In a predominantly white area like Greensburg, PA I never expected Seton Hill to save me. But they did. Well they helped me stay afloat until I was strong enough to go to doctoral school despite being the only black student – again. When this happens maintaining confidence and ego strength is a bitch. No one knows you are in pain. They don’t bring it up either. Do we even know we need help?

I wish I had that same genuine care and love in a program that aligns their morals with social justice. I was worried to start at Carlow University because I feared I would not succeed and I would be alone in my journey. I guess that’s the sacrifice my mom was talking about. “Go to school as long as you can – it’s the greatest freedom to learn”

-An African Single Mother of Four Black Children : Freedom is different for each generation.

I asked during our town hall meeting the questions:

What does it feel like to be white in America right now? What does it feel like to be black in America right now? Out of 52 people only a handful spoke up.

How does it feel to silence a room with your reality?

The moment I ask that question I knew I was not in the right place. Why am I always facilitating in room full of educators and academia protocols as the black student?

The town hall affirmed the same story: White America is uncomfortable with their experience of slavery. Black America is not- and will not be burdened with that guilt.

Black America is burdened by the projection of slavery from white America.

How come I have to hold your pain and my pain when you caused me the pain in the first place – even tho I’m “weaker”, “less than” , “unintelligent…” race … yet you create laws to never let me grow past your guilt of slavery.

Black Americans are consistently compartmentalizing their emotional pain and historical trauma just to survive a “race” they were destined to loose.

All while, supporting white ideals, education, money, crime, beauty, violence, laws, professionalism – I can go on.

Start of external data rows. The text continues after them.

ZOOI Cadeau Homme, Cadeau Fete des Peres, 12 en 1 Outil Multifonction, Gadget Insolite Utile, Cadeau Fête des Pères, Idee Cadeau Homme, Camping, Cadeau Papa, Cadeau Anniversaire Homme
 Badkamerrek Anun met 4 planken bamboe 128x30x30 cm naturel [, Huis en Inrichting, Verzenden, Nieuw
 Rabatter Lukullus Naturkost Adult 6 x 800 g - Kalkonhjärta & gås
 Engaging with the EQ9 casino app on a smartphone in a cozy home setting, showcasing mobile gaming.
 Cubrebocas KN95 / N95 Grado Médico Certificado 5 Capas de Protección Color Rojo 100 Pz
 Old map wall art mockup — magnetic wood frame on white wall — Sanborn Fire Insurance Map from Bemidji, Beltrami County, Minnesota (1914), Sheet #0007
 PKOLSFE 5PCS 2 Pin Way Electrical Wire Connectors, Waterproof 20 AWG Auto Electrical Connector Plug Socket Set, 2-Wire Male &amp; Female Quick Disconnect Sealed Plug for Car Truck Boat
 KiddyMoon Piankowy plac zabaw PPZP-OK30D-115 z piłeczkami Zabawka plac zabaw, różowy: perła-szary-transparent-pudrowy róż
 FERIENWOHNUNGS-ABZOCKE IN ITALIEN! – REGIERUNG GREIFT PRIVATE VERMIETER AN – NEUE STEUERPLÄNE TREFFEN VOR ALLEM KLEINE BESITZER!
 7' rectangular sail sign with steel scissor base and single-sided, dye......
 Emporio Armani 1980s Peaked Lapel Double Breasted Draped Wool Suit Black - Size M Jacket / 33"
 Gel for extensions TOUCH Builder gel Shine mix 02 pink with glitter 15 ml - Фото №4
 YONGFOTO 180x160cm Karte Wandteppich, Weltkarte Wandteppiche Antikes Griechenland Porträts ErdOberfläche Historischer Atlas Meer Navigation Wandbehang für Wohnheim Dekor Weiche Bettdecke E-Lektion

White America validates my blackness. Which is our ability to persist past our empathy for white America. Which is to: love ourselves unconditionally.

We have had over 400+ years of slavery. That is beyond enough time to give yourself the grace to explore what happens next in the conversation of healing and supporting me – the black student psychologist.

Education measures what [it] wants to measure. I learned that in an intellectual assessments class. Taught by the only African American proffesor in my program. We read and explored the Mismeasure of Man. I’ve been in education for literally my entire life and she was the first person to let me explore the genuine hate that comes with our profession. Especially towards people like me. Black People.

Freedom is seen and felt , and you only know what freedom is if you’ve felt it. Similar, we choose to see pain. If we don’t – we fail at our job as therapist and as humans in my belief. After that, what’s next? Destruction of black America for the next 100 years? We must be better. I am going to do better for my community. That’s why I started this journey.

There is no ill will towards any of you or the Carlow community as a whole. My time has been filled with internal growth and knowledge that will last me a lifetime.

People are not all bad and people are not all good. But I will always choose me in deciding whats best for my education.

If you ask us how we are doing right now, the answer is that: black students aren’t doing well. We need support, empathy, compassion, and educational change that supports black cultures.

It’s going to be hard but please try… and even when it doesn’t work… continue trying.

Hire BLACK researchers, explore programs outside of university and education that will foster black culture and understanding. Implement research that encourages black healing after slavery. Accept BLACK students even if they seem uncertain to you. Teach students that black America is hurt and in pain. Psychologist have the right to.

Be the leaders in a time when we need you the most. If that’s hard please take time for yourself to explore what makes it difficult to grow a culture of blackness and black acceptance. I create art when I don’t where to start.

This is my reality as a black student.

Response Art: I already know that Black lives Matter. Do you?